Although the text of H.R. 176 has been rejected twice before, with a fight, HUD and many courts have tended to accept the proposed two person per bedroom (2:1) ratio as reasonable, and thus not discriminatory under the Fair Housing Act, even though it has a disparate impact on households of color and households with children, two protected categories. Many states use a different method of measuring, calculating the number of people per square foot (rather than per bedroom), including both the overall person-to-dwelling size and person-to-bedroom size, a system the rental industry argues is too complex. HUD will sometimes take room size into consideration as well as number of bedrooms. None of the supporters of restrictive standards have ever been able to justify their preferred standards on the basis of business necessity, health or safety concerns. Nor have they found an objective standard of “livability.” This is important because this 2:1 standard has a distinctly northern European, upper class lineage, and therefore, profound implications for being legally discriminatory on the basis of national origin (ethnicity), race and familial status.

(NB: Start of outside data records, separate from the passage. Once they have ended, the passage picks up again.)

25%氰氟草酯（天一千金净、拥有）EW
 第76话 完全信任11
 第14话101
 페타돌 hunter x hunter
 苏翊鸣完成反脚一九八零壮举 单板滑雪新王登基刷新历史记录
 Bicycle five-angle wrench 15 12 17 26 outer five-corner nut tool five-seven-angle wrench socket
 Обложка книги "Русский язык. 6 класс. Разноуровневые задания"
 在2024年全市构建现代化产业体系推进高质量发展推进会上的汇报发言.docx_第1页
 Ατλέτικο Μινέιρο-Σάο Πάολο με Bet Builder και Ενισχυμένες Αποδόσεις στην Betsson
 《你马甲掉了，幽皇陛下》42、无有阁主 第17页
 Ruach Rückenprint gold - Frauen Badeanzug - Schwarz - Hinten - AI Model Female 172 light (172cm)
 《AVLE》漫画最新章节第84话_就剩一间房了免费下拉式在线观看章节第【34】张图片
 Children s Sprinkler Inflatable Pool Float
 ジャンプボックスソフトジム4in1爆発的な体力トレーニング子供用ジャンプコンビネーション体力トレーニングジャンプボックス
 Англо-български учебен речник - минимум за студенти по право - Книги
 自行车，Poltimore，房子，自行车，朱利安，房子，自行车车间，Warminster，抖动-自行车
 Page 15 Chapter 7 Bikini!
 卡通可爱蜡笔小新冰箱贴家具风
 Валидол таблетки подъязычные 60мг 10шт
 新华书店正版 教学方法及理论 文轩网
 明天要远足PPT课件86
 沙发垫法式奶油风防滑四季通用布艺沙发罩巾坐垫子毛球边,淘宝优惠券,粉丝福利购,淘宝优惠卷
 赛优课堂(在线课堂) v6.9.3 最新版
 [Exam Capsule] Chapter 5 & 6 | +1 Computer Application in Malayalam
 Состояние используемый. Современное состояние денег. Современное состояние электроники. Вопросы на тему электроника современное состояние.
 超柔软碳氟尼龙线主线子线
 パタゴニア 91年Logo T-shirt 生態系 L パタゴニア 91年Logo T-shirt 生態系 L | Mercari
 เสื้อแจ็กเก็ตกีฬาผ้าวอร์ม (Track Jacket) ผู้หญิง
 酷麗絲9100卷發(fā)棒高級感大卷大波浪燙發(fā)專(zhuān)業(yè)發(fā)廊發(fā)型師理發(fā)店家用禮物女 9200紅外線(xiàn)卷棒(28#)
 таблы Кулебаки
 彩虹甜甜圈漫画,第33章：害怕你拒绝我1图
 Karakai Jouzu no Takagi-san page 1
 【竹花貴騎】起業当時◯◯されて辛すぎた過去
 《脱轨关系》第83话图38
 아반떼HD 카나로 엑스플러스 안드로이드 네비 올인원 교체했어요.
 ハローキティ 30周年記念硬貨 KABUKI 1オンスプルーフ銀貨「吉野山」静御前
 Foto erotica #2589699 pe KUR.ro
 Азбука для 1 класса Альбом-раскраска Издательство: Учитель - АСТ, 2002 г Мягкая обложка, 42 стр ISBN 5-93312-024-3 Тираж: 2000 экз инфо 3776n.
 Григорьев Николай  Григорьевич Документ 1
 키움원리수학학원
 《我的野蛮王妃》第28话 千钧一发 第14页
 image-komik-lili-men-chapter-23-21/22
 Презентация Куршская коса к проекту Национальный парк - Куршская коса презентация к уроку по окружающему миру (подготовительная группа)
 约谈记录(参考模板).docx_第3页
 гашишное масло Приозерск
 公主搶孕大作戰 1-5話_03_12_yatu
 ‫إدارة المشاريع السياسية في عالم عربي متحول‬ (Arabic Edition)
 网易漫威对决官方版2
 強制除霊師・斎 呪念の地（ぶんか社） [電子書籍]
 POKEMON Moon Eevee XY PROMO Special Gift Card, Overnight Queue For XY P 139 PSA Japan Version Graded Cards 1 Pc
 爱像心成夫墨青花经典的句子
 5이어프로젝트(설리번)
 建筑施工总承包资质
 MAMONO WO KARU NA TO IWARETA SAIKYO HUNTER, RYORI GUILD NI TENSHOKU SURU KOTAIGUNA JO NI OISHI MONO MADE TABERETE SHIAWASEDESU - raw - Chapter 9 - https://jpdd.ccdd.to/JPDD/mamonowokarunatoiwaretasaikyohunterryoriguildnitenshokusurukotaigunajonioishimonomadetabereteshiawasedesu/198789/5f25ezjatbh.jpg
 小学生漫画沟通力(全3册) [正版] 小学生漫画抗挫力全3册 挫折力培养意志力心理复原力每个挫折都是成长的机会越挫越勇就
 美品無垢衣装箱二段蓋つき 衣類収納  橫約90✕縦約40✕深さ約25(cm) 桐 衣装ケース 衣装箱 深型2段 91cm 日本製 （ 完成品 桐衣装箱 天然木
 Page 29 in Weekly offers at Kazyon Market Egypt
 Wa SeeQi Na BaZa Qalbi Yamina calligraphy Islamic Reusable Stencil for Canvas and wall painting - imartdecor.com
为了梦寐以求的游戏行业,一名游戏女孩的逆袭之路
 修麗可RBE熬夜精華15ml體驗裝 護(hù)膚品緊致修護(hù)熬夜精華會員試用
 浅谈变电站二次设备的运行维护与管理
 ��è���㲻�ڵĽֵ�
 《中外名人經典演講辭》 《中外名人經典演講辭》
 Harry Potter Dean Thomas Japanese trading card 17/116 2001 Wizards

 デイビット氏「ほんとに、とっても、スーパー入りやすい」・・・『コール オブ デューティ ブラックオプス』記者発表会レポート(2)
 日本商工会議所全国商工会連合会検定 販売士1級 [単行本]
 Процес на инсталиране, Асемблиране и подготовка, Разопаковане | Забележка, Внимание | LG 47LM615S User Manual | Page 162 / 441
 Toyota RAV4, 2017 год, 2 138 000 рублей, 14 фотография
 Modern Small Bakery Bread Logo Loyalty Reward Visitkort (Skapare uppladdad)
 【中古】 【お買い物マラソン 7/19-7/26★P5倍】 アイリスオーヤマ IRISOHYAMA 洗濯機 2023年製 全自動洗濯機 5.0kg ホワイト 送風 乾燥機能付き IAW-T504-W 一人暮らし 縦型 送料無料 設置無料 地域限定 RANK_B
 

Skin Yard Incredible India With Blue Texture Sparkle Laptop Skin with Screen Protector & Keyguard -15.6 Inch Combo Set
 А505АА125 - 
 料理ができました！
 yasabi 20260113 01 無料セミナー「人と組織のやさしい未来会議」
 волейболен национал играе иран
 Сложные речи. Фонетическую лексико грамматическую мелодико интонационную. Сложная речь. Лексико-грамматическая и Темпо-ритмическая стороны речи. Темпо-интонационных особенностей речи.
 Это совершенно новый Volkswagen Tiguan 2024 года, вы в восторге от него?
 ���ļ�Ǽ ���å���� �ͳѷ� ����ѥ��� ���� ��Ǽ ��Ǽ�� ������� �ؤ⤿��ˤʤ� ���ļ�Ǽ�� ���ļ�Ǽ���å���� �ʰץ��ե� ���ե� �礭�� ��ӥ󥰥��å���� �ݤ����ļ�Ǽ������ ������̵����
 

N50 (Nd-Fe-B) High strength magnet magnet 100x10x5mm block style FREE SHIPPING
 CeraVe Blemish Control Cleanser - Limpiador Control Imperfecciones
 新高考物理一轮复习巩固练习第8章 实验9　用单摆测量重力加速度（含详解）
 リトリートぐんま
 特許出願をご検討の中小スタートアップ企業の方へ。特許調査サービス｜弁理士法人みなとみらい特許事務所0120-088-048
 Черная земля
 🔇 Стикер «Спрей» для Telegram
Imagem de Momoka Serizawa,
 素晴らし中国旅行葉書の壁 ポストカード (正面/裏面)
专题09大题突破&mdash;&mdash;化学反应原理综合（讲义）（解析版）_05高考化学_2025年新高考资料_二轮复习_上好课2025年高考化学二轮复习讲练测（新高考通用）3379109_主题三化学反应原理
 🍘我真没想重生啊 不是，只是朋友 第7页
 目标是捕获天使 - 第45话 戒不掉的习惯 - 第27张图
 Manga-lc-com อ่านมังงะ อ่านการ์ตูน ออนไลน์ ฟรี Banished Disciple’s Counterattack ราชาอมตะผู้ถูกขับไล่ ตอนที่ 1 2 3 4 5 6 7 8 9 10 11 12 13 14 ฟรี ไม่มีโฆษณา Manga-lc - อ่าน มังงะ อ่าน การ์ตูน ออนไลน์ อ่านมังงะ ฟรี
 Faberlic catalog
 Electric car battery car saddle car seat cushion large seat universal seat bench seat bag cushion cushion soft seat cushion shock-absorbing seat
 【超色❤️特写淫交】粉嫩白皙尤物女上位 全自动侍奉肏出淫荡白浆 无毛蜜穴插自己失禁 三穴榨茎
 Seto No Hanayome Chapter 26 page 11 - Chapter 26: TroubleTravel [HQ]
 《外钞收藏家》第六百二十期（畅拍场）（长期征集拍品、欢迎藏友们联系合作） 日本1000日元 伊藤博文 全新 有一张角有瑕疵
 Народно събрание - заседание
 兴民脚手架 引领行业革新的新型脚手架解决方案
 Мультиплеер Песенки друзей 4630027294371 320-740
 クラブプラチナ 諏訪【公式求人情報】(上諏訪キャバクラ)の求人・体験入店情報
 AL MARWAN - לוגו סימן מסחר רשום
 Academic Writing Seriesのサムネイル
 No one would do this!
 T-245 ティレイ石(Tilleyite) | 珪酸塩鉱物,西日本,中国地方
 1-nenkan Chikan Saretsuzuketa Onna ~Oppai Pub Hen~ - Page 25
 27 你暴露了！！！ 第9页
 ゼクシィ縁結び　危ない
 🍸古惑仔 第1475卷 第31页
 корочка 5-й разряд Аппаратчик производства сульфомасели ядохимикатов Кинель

Cultural Bias and Occupancy Standards
There are significant cultural differences concerning what constitutes comfort, crowding and appropriate use of domestic space. In countries as different as Japan and Mexico, household members commonly choose to share bedrooms while leaving others unused. Sharing sleeping and other spaces is often part of a cultural emphasis on interdependency as a personal and political goal, while sleeping alone and other emphases on physically bounded private domestic space help cultivate a greater emphasis on individualism.
The 2:1 occupancy standard is so much a part of the dominant ideology of arrival, that a politically active friend berated me for my insistence on a more lenient occupancy standard with: “I want others to have what I want for my own family.” He didn’t consider that having one’s own bedroom is not only a personal choice, but a sociocultural one.
Since restrictive covenants were deemed illegal in 1948, some municipalities continue to find creative new ways to reconstitute some facsimile of their discriminatory power through occupancy standard regulation. A number of municipalities have attempted to rewrite zoning bylaws to rid themselves of unwanted populations. For example, since the mid-1980s some locales have tried – and fortunately lost in court – to redefine the minimum space per person ratio to stop Latino households from moving in, many of whom had larger families than the established residents and/or extended families. Examples include Wildwood, N.J., Cicero, IL (where the Department of Justice found the new ordinance enforcement to be targeted only at potential Latino home buyers), Waukegan, IL, and Santa Ana, CA.
There is a sad irony not to be missed here. Every year Congressional Republicans introduce regressive housing legislation that can only have the effect of legislating away the fundamental means by which low-income people have traditionally helped one another through hard times. In the Republican’s selective approval of over-regulation, such legislation ensures the continuation of the urban structure the same policy makers purport to want to dismantle, and promotes the antithesis of the traditional family value of mutual assistance. The proposed occupancy standards legislation, H.R. 176, resounds with the moralistic and paternalistic policies of the nineteenth century; it totally ignores regulating owners who do not properly maintain their property and gives no heed to the many low-income tenants who work hard to maintain a high quality environment, despite non-responsive property owners. The FHA is an important part of the Civil Rights Act, and certainly an important tool for planners interested in social equity.